• _Given information_:
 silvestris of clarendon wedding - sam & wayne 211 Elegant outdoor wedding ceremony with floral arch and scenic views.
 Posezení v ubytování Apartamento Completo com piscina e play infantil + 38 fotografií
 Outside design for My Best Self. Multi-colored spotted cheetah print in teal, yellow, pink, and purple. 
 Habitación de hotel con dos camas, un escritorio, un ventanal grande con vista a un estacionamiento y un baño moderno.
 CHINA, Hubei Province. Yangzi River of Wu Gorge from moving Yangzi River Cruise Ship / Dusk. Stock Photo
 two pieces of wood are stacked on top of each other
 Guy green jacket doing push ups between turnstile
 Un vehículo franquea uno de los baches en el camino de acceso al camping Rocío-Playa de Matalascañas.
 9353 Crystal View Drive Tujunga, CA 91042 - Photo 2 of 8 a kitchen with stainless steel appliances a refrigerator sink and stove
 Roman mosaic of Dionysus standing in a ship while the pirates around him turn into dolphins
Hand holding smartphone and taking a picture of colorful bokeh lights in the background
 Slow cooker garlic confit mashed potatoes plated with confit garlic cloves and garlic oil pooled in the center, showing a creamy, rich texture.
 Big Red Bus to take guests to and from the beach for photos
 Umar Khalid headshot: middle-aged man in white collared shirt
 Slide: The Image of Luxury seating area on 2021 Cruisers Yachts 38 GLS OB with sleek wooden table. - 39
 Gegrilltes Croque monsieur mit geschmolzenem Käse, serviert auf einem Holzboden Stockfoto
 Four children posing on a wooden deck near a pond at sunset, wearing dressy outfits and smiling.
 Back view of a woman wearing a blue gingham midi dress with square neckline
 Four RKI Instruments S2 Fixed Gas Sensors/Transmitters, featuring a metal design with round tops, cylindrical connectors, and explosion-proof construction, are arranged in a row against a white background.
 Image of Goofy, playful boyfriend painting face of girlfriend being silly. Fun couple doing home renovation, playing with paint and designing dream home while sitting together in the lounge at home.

• _Exercise details_: Lines containing the word "background": copy each of them from the material.

• _Answer to this exercise_:
Hand holding smartphone and taking a picture of colorful bokeh lights in the background
 Four RKI Instruments S2 Fixed Gas Sensors/Transmitters, featuring a metal design with round tops, cylindrical connectors, and explosion-proof construction, are arranged in a row against a white background.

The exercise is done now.